[[ Exercise data open ]]
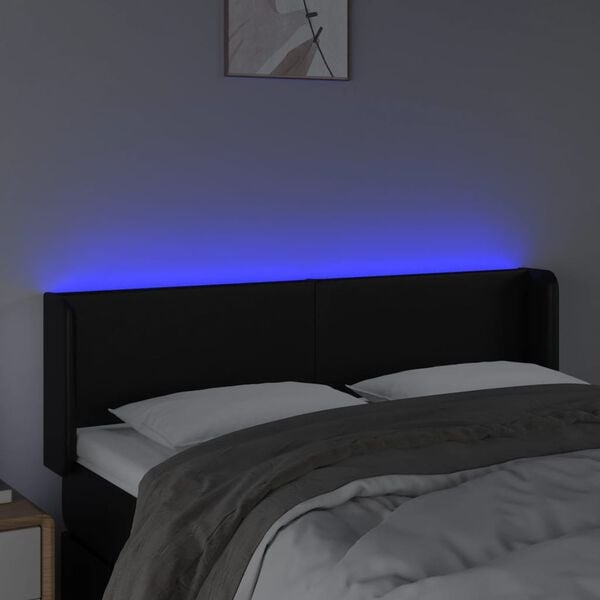 vidaXL Cabeceira de cama c/ LED couro artificial 147x16x78/88 cm preto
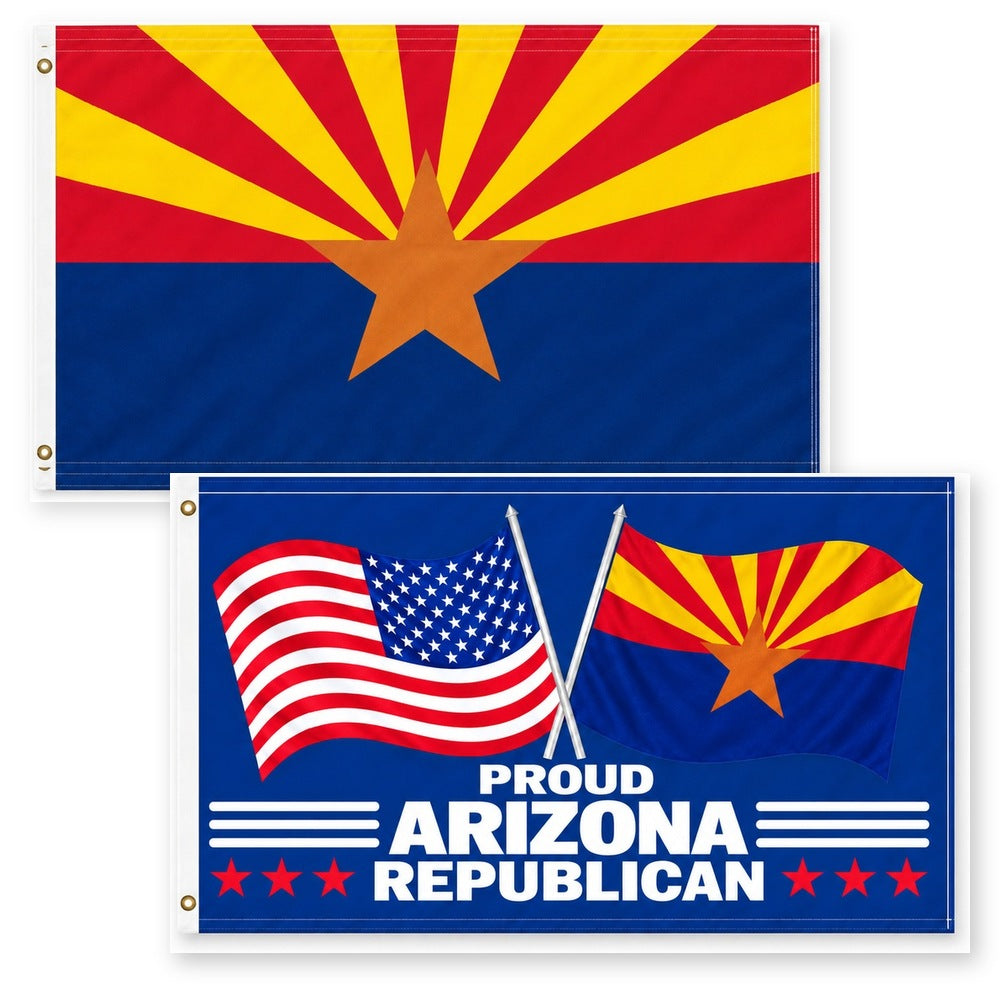 Arizona State Flag and Proud Arizona Republican Flag 3x5 2-Pack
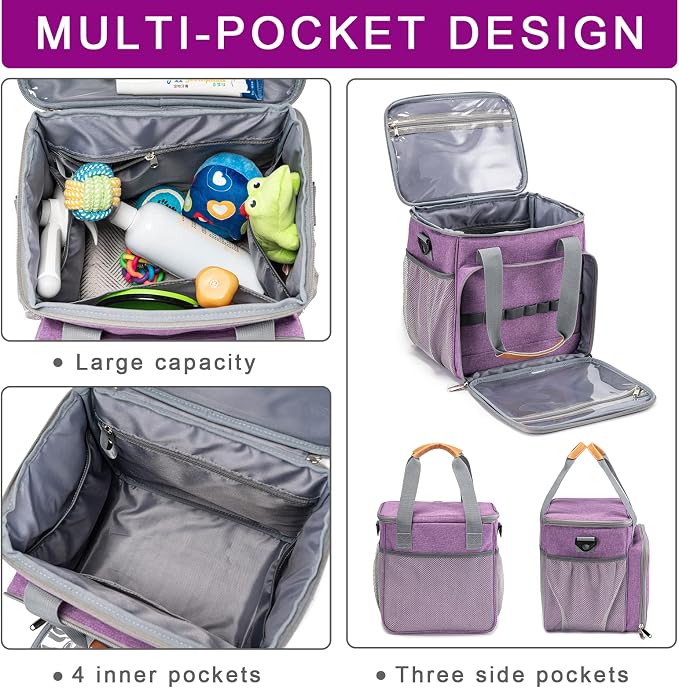 Pet Grooming Bag, Dog Grooming Supplies Organizer Tote Bag, Perfect for Pet Grooming Tool Kit Accessories-Purple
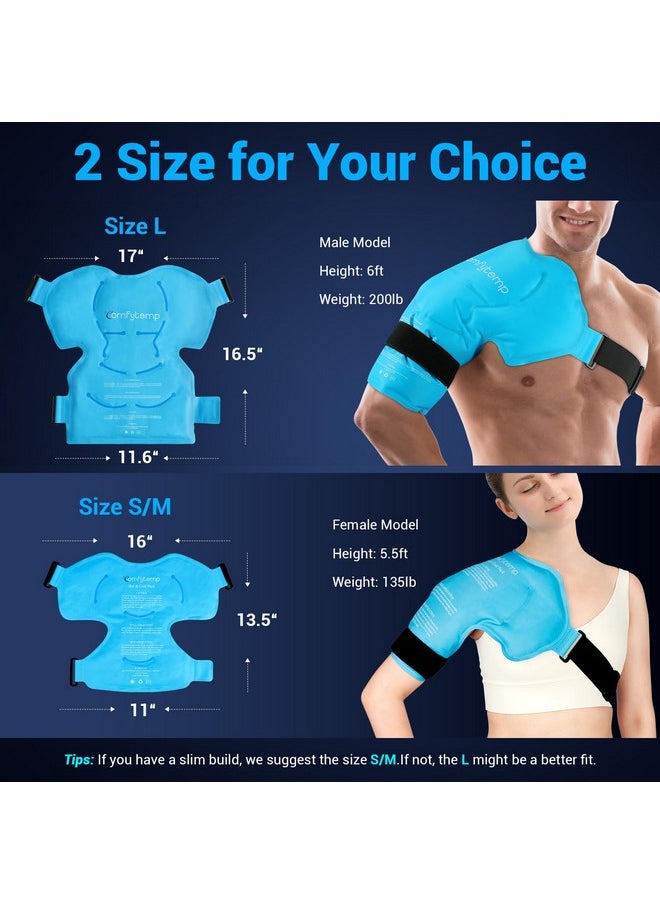 Comfytemp Shoulder Ice Pack Rotator Cuff Cold Therapy Wrap, FSA HSA Eligible, Large Ice Packs for Injuries Reusable Gel, Instant Cold Compression Brace for Shoulder Pain Relief, Surgery Recovery Gifts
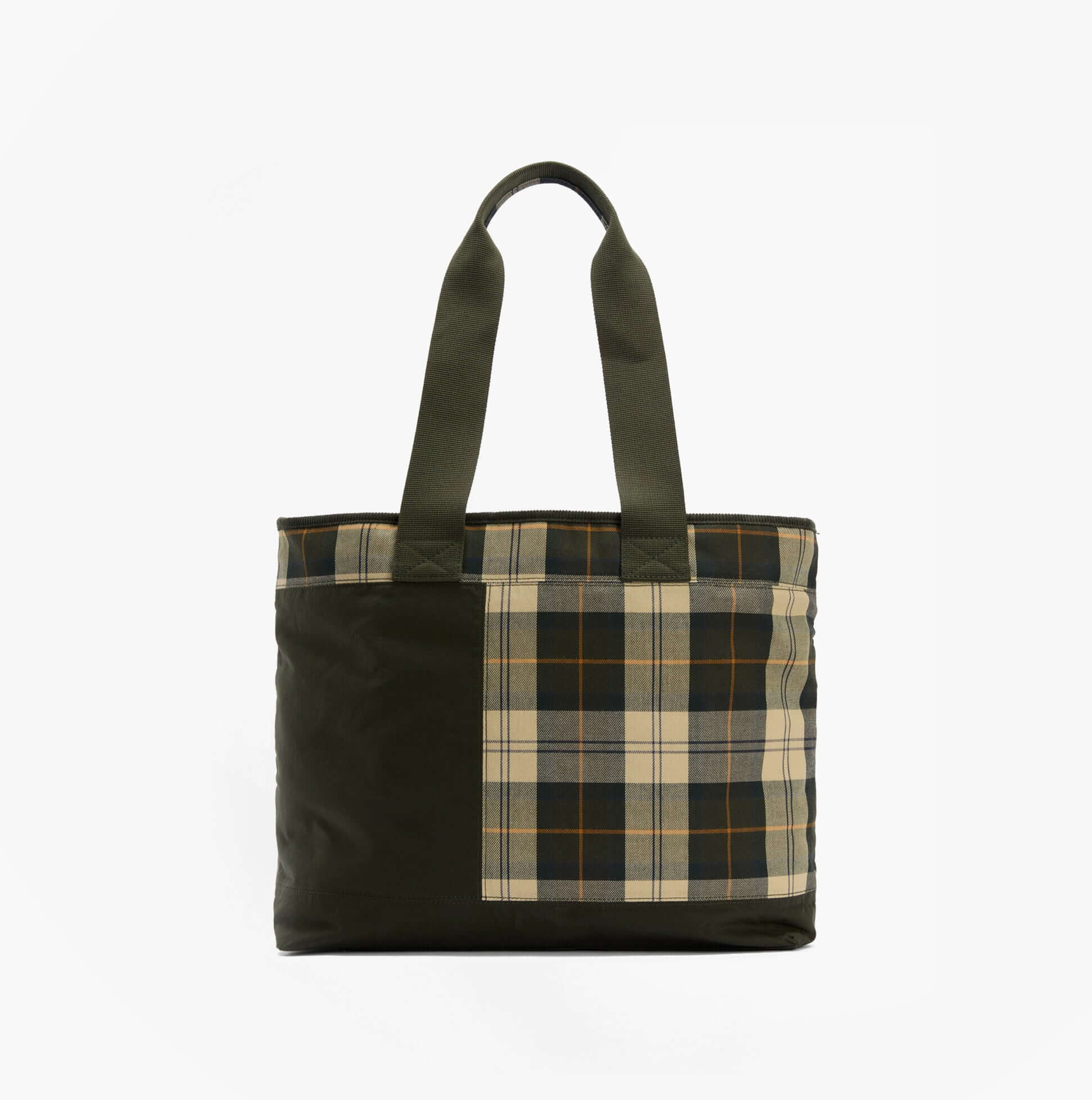 Barbour MYA PATCHWORK Tote Bag Womens Tote Bag Sage/Ancient side view showing plaid design and durable fabric.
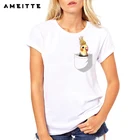 AMEITTE 2021 летние топы забавные гнездо для попугая Принт футболки база с О-образным вырезом, Женская Карманный дизайн футболка все-матч белые футболки топы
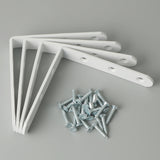Alise 4 Pcs Shelf Bracket Stainless Steel Brackets Heavy Duty Corner Brace Support Fastener Wall Hanging 4X4 Inch,JM100W-4P White Finish,JM100W-4P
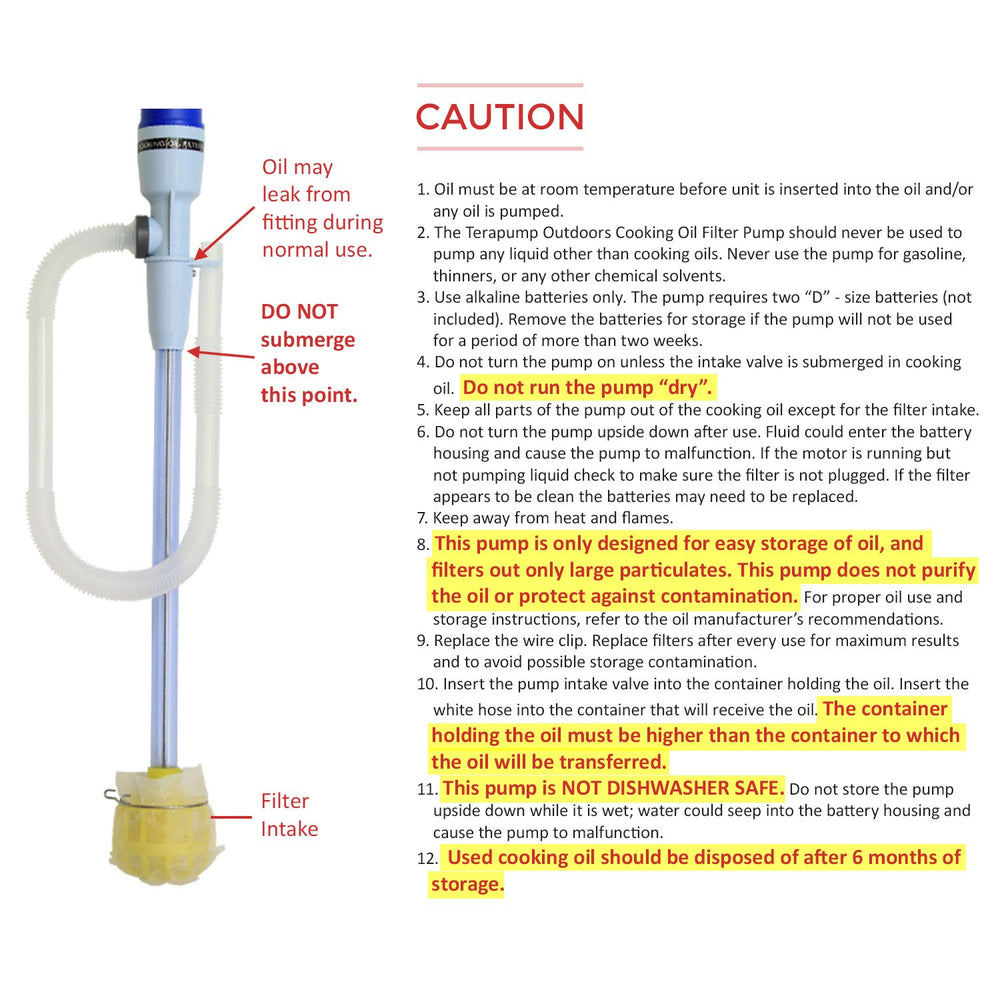 TeraPump - TRCOOK01 - Cooking Oil Recycling Pump - Terapump Canada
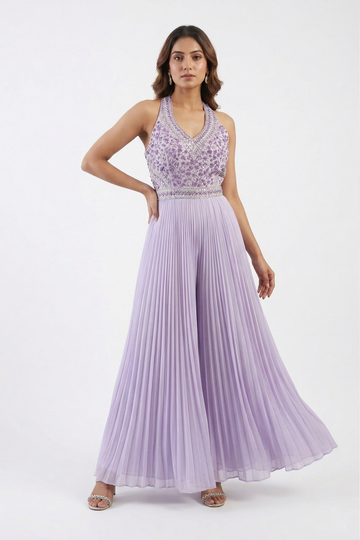Lavender Floral Embroidered Pleated Anarkali Gown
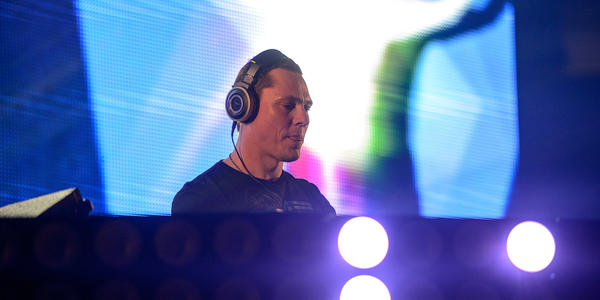 DJ Tiesto plays his electric dance music for the Bryce Jordan Center audience in 2013.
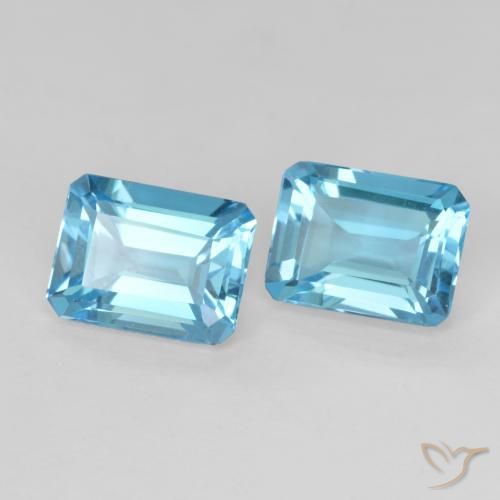 Gemas de Topacio Azul Suizo natural de 3.75 ct, Corte Octágono / Esmeralda, VVS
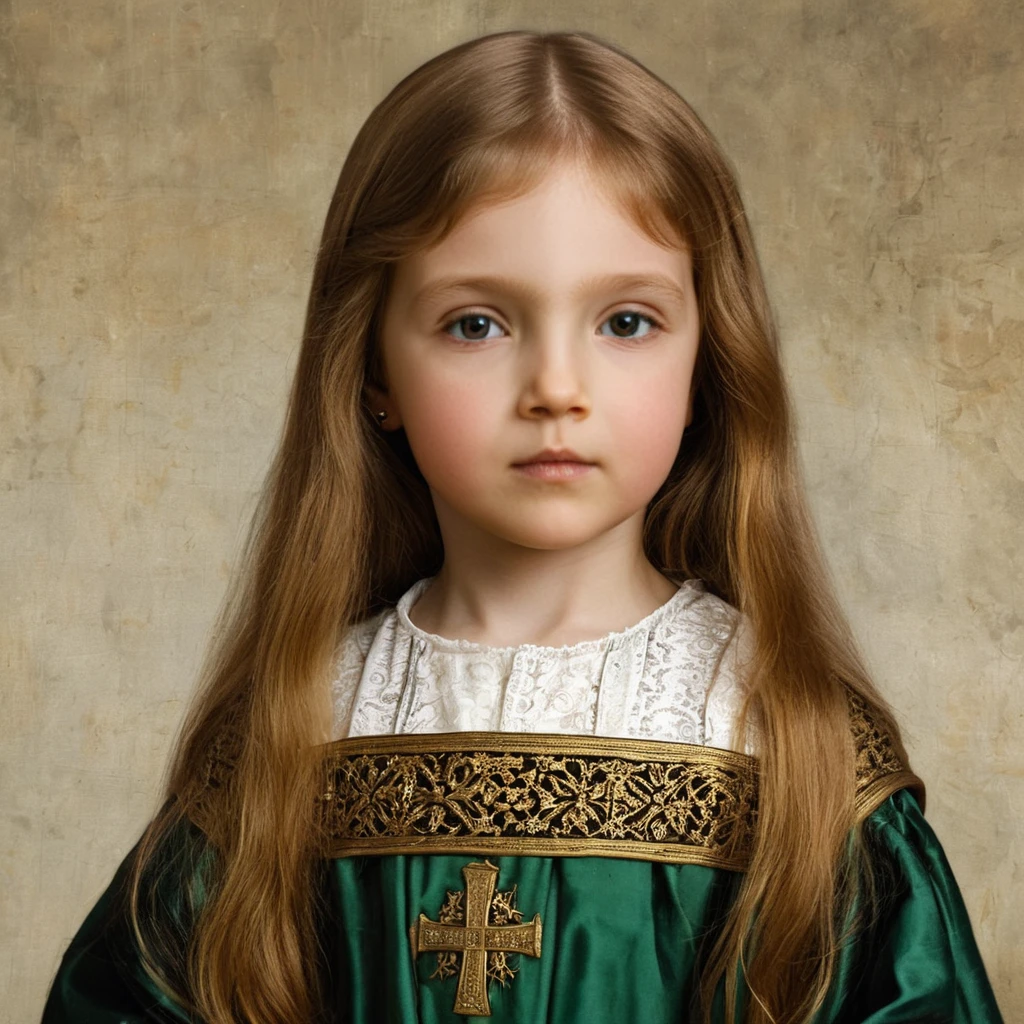 Retrato renascentista de uma jovem garota galesa de cabelos longos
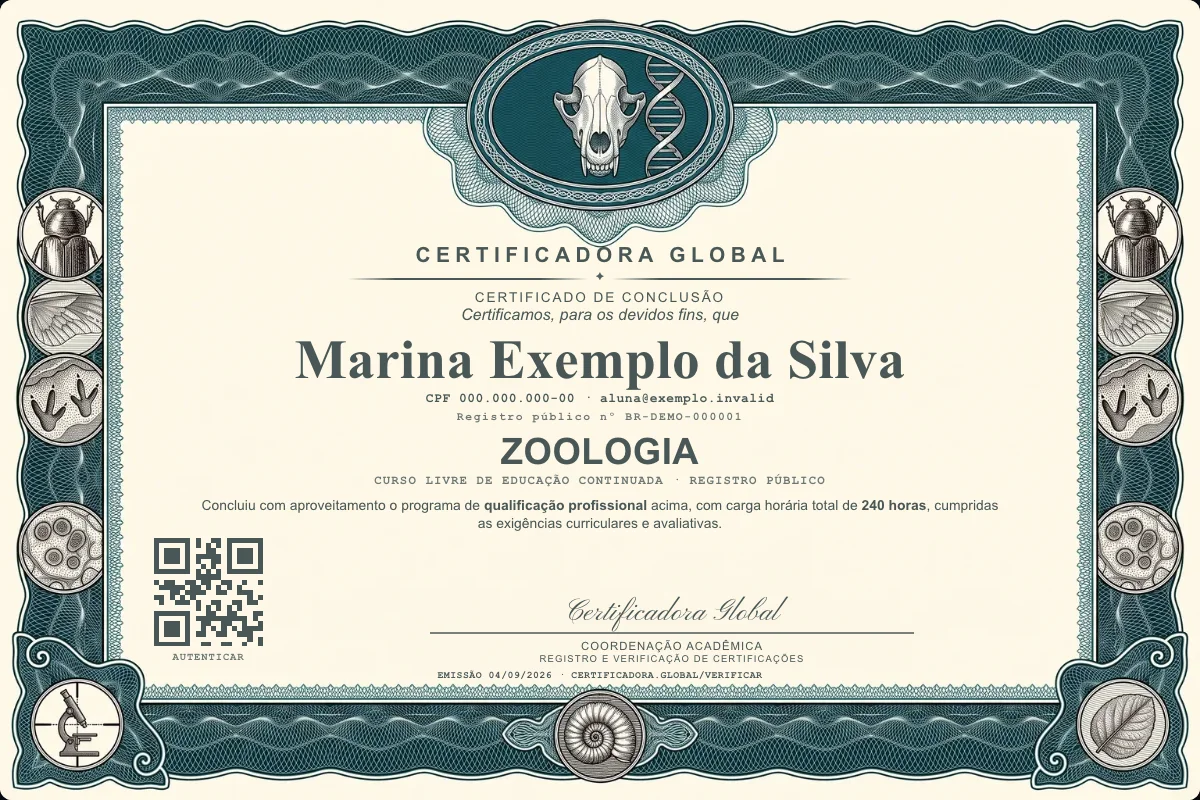 Capa do curso Zoologia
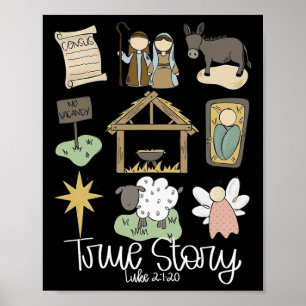 True-story Retro Kerst Christelijke Religieuze Xma Poster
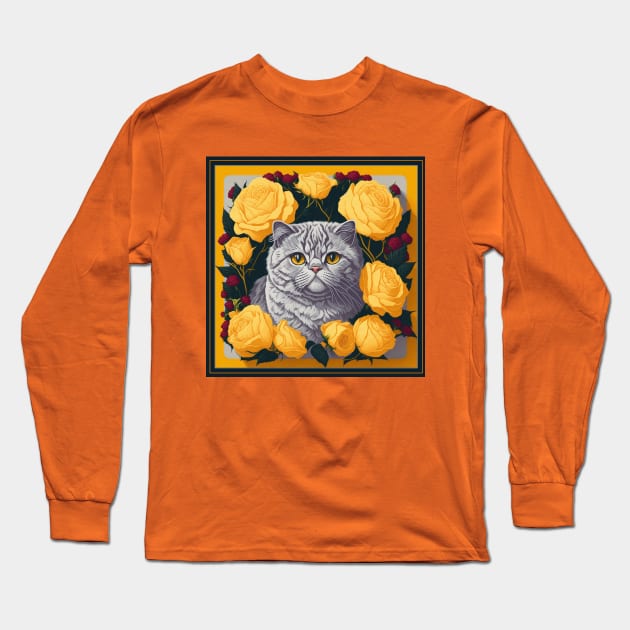 Persian cat. Style vector (yellow version Persian cat) Long Sleeve T-Shirt by xlhombat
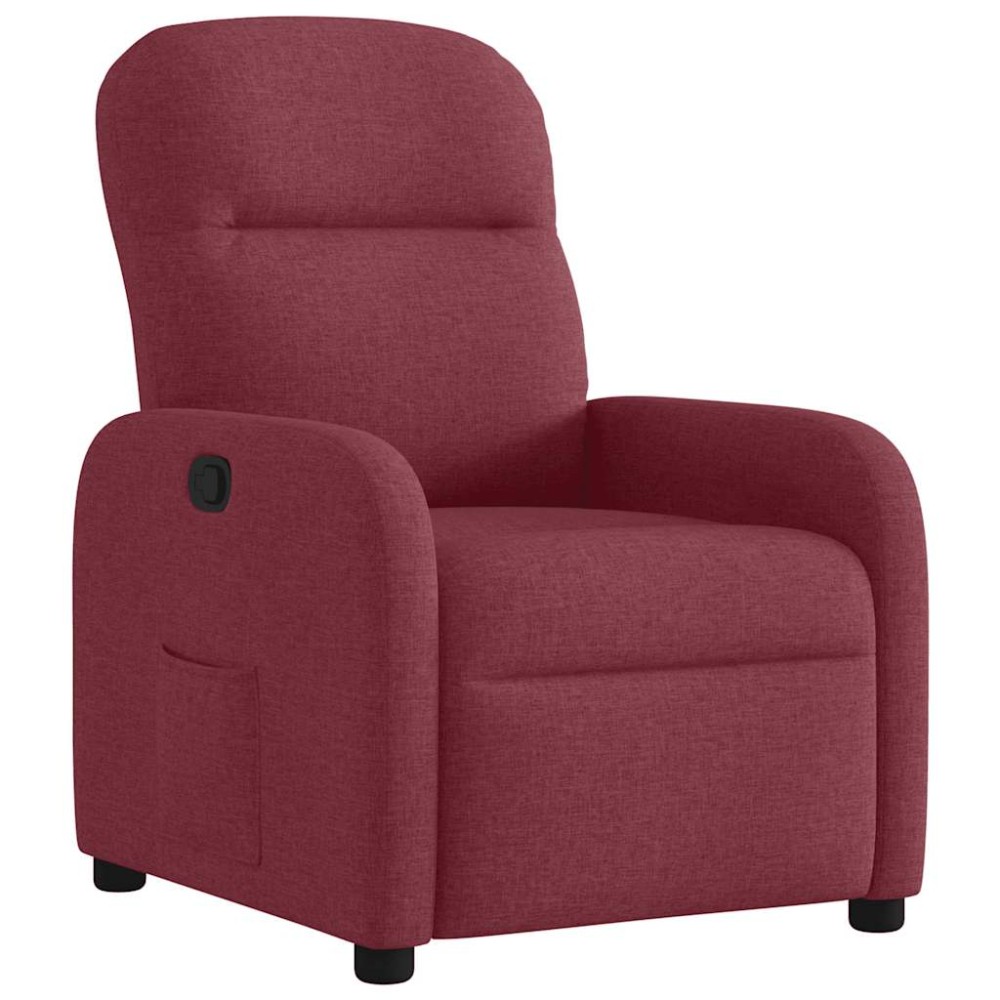 vidaXL Fotoliu rabatabil, roșu vin, material textil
[[ Exercise data closed ]]
Nothing but the lines from the first line of the data above through the line holding "Pet Grooming Bag, Dog" may appear in the response, copied exactly and without pictures.

 vidaXL Cabeceira de cama c/ LED couro artificial 147x16x78/88 cm preto
 Arizona State Flag and Proud Arizona Republican Flag 3x5 2-Pack
 Pet Grooming Bag, Dog Grooming Supplies Organizer Tote Bag, Perfect for Pet Grooming Tool Kit Accessories-Purple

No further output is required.